SU-F-R-31 (Sunday, July 31, 2016) 3:00 PM - 6:00 PM Room: Exhibit Hall


Purpose: Normal lung CT texture features have been used for the prediction of radiation-induced lung disease (radiation pneumonitis and radiation fibrosis). For these features to be clinically useful, they need to be relatively invariant (robust) to tumor size and not correlated with normal lung volume.

Methods: The free-breathing CTs of 14 lung SBRT patients were studied. Different sizes of GTVs were simulated with spheres placed at the upper lobe and lower lobe respectively in the normal lung (contralateral to tumor). 27 texture features (9 from intensity histogram, 8 from grey-level co-occurrence matrix [GLCM] and 10 from grey-level run-length matrix [GLRM]) were extracted from [normal lung-GTV]. To measure the variability of a feature F, the relative difference D=|Fref -Fsim|/Fref*100% was calculated, where Fref was for the entire normal lung and Fsim was for [normal lung-GTV]. A feature was considered as robust if the largest non-outlier (Q3+1.5*IQR) D was less than 5%, and considered as not correlated with normal lung volume when their Pearson correlation was lower than 0.50.

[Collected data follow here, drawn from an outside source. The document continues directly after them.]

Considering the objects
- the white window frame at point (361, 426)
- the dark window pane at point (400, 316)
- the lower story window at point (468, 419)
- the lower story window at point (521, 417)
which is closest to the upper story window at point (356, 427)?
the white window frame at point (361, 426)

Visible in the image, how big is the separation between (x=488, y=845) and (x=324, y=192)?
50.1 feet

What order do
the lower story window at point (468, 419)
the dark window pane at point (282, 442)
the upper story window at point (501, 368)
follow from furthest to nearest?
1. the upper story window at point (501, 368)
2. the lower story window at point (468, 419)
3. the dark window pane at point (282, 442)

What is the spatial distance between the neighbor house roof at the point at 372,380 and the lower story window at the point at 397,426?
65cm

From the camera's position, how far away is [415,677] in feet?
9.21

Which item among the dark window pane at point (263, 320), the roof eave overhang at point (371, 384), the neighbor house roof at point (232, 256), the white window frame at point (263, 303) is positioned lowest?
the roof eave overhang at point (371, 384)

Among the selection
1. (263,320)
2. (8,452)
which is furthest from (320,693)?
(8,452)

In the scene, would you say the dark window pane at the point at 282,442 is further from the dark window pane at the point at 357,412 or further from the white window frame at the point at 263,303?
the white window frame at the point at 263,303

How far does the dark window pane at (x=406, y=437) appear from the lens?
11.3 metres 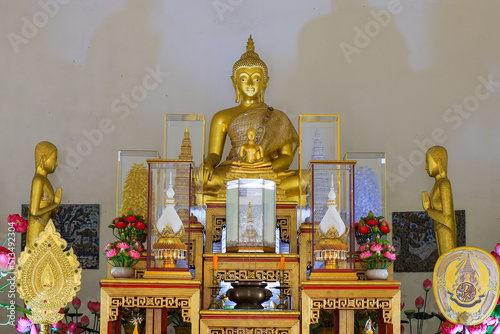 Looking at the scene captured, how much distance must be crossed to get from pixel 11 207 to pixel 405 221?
2.71 metres

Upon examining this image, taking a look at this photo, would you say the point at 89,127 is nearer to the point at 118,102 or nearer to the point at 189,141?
the point at 118,102

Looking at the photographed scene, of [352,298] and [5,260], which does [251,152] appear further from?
[5,260]

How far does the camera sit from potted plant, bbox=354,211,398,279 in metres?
4.34

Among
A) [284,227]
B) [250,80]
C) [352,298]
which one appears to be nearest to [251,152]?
[284,227]

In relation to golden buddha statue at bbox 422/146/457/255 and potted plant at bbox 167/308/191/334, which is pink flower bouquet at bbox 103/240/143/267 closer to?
potted plant at bbox 167/308/191/334

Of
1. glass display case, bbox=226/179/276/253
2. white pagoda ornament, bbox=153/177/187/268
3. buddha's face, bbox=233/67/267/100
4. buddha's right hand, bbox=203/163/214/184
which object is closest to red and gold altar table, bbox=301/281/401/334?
glass display case, bbox=226/179/276/253

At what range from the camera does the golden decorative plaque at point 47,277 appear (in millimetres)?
4027

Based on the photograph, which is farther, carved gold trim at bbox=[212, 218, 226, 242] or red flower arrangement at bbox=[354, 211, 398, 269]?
carved gold trim at bbox=[212, 218, 226, 242]

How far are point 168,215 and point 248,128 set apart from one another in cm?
104

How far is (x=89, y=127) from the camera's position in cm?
567

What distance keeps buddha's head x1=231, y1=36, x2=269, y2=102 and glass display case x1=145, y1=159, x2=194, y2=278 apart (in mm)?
1040

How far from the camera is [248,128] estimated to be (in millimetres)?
5168

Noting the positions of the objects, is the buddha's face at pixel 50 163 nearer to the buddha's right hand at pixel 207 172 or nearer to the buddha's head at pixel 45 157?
the buddha's head at pixel 45 157

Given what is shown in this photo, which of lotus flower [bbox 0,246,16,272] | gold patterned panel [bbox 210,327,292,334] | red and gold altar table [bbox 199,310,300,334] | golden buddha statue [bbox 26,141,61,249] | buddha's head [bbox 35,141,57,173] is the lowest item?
gold patterned panel [bbox 210,327,292,334]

Results: Only 11 features were robust. All first-order intensity-histogram features (mean, max, etc.) were robust, while most higher-order features (skewness, kurtosis, etc.) were unrobust. Only two of the GLCM and four of the GLRM features were robust. Larger GTV resulted greater feature variation, this was particularly true for unrobust features. All robust features were not correlated with normal lung volume while three unrobust features showed high correlation. Excessive variations were observed in two low grey-level run features and were later identified to be from one patient with local lung diseases (atelectasis) in the normal lung. There was no dependence on GTV location.

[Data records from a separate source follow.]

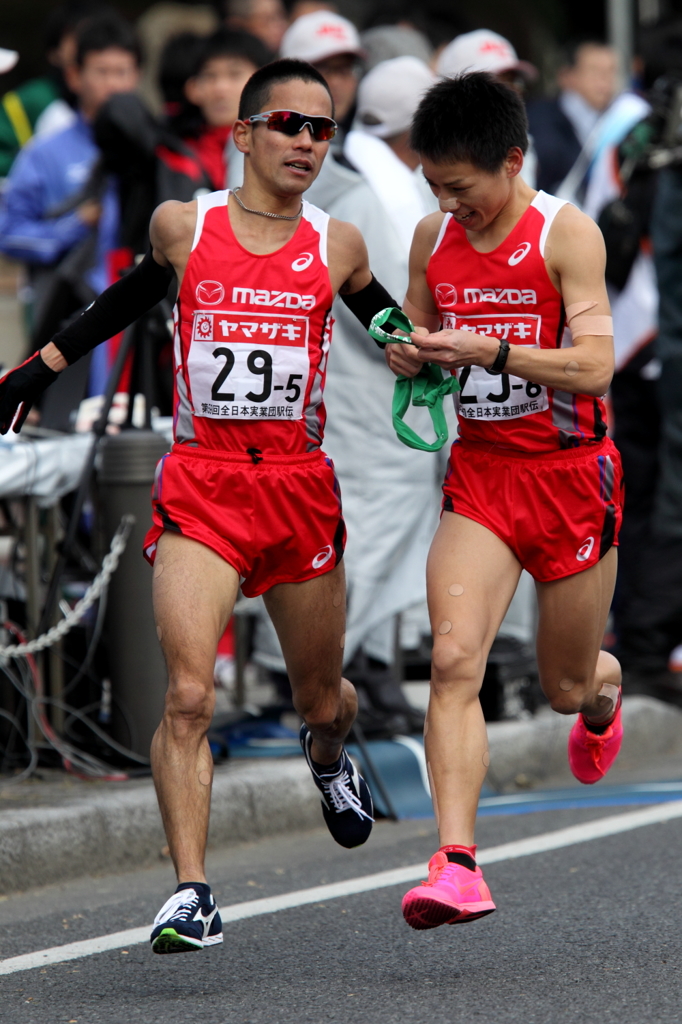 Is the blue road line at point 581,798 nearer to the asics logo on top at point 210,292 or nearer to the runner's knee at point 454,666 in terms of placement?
the runner's knee at point 454,666

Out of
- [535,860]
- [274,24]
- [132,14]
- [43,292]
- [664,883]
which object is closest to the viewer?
[664,883]

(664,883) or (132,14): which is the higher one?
(132,14)

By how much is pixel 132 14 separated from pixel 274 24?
373 centimetres

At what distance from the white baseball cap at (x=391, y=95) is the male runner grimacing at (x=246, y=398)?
2914mm

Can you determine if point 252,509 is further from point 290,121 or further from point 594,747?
point 594,747

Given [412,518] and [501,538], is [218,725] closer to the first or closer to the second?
[412,518]

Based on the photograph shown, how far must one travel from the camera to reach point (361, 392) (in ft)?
24.2

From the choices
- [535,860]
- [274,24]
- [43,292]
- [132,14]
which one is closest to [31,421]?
[43,292]

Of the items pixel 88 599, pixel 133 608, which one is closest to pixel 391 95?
pixel 133 608

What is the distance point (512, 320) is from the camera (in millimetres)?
4781

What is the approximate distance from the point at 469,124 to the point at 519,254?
0.37 m

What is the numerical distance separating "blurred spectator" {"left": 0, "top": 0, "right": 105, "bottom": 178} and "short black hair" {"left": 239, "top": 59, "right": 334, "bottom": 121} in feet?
17.5

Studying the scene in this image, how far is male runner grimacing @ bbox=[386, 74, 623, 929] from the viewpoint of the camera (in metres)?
4.59

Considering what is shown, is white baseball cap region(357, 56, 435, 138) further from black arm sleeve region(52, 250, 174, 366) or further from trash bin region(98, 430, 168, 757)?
black arm sleeve region(52, 250, 174, 366) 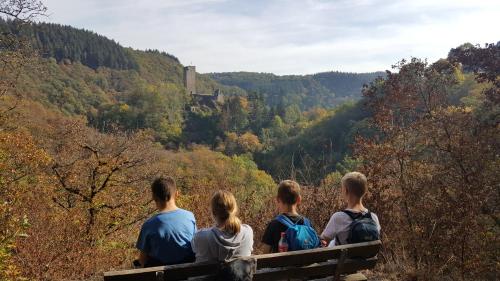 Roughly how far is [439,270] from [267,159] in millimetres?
71906

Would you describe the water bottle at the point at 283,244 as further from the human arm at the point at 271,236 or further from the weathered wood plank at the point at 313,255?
the weathered wood plank at the point at 313,255

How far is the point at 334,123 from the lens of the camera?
77375mm

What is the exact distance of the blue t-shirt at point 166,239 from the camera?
347 cm

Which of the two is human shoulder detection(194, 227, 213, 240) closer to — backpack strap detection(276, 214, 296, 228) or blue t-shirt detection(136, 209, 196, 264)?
blue t-shirt detection(136, 209, 196, 264)

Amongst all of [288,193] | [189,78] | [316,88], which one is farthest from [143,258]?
[316,88]

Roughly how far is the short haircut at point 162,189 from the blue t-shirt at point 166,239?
0.12 meters

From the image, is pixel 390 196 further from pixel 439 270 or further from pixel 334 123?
pixel 334 123

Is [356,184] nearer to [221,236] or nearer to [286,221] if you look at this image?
[286,221]

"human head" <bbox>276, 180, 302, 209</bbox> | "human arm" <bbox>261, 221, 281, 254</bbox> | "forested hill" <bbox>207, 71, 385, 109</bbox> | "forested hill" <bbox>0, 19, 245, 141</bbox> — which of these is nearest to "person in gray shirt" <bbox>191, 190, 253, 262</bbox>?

Conclusion: We identified 11 robust normal lung CT texture features that can be further examined for the prediction of radiation-induced lung disease. Interestingly, low grey-level run features identified normal lung diseases.


Funding Support, Disclosures, and Conflict of Interest: This work was supported in part by the National Cancer Institute Grants R01CA172638.